Solving N-dipole Problem in the Heart: How to Calculate Potential Fields

[Carl140]

I have been trying to solve this problem without any success. Not homework, just curious how to solve this, I'm trying to deduce physical models. Honestly I have no idea
how to attack it, so I'd really appreciate if you could please provide some help.

This is electrodynamics applied to medical physics.

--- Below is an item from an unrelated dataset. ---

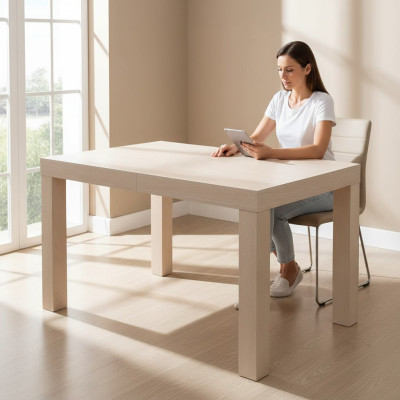 Table Table à manger Table en bois Table de conférence XXL Table de réunion 90x180cm Extensible 180x240cm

Suppose n-dipoles are colocated in the ventricular tissue of the heart with a certain
fixed horizontal depth, which we denote by x.
Assume all these n-dipoles have constant dipolar moment, i.e they are continuously distributed. Now imagine a system of coordinates and suppose the n-dipoles are located at the points (x,y) where x is the fixed horizontal depth and y is the height (vertical distance between the dipoles), y is varying.

How would you write the expression that describes the potential field generated by these n- dipoles? under the assumptions previously mentioned.

I know it's an integral, but don't know how to attack this problem.

Thanks in advance.

 

[quantoshake11]

at large distances you can just sum up all the dipole moments and treat it as one big dipole, i think.. Maybe you could just calculate the potential of each dipole and then sum up all the individual solutions, choosing an appropiate coordinate system (you could let a computer do this for you).